[Start of section]

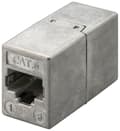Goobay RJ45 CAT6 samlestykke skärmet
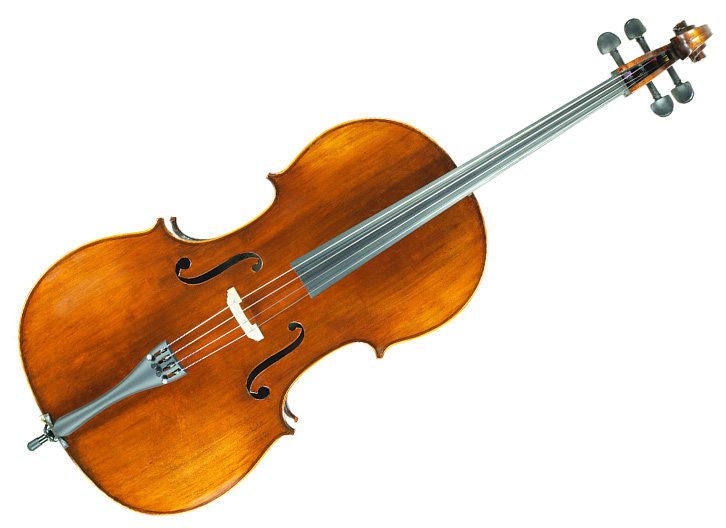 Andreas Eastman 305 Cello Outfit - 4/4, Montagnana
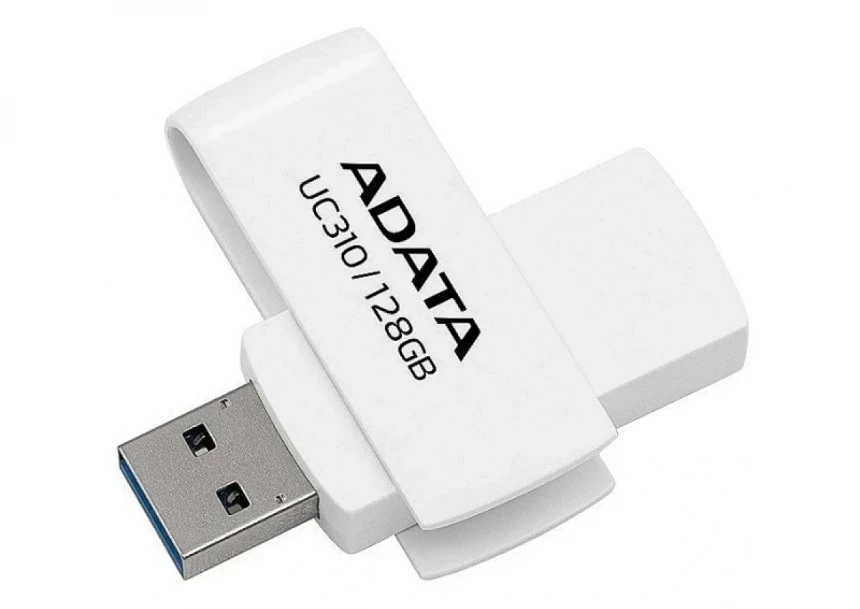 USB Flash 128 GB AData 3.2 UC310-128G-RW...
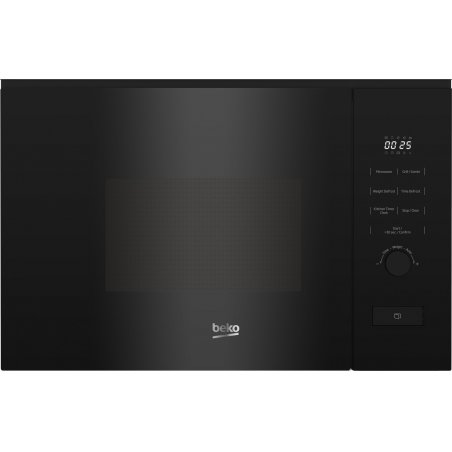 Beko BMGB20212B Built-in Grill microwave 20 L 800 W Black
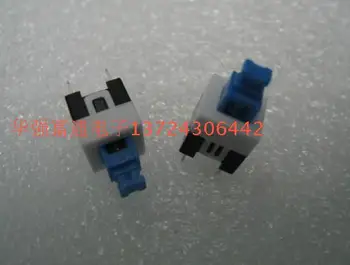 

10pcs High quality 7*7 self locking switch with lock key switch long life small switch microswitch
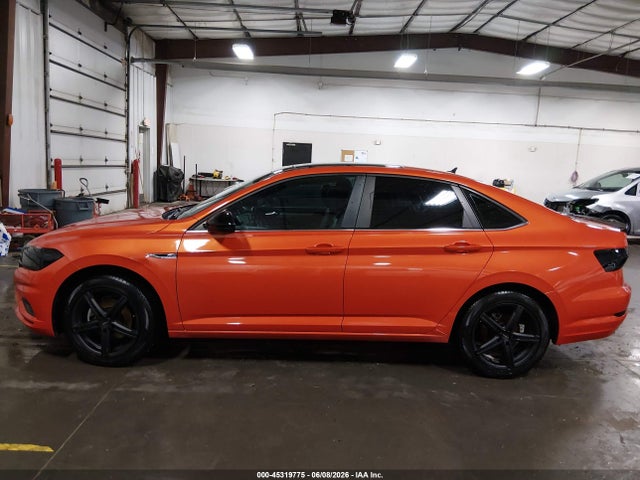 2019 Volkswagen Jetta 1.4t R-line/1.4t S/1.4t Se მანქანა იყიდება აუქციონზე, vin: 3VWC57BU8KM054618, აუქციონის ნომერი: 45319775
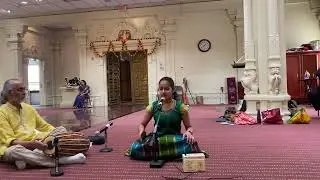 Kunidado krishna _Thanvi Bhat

[End of section]
[Start of section]

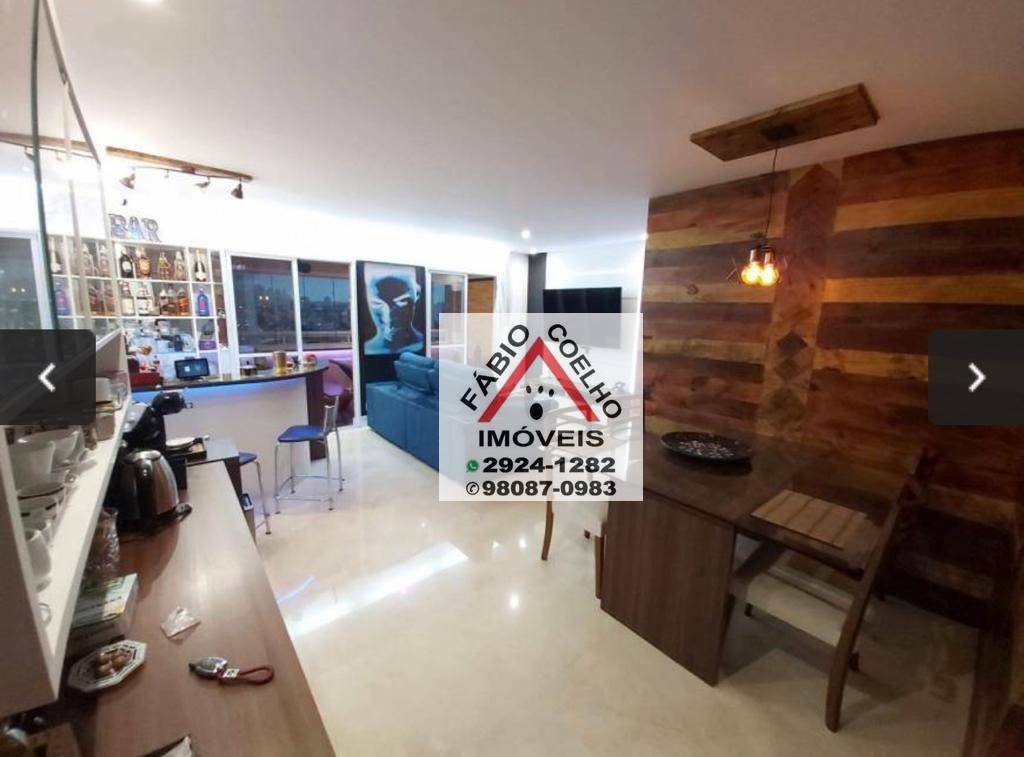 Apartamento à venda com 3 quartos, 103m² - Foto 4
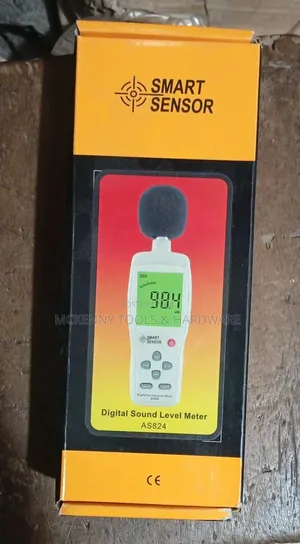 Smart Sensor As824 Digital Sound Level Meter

[End of section]

* What you have to do *
Among the entries above, take the lines from the one with "Apartamento à venda" through the one with "Smart Sensor As824 Digital Sound Level Meter" and retype them exactly, leaving out the pictures.

* Task response *
 Apartamento à venda com 3 quartos, 103m² - Foto 4
 Smart Sensor As824 Digital Sound Level Meter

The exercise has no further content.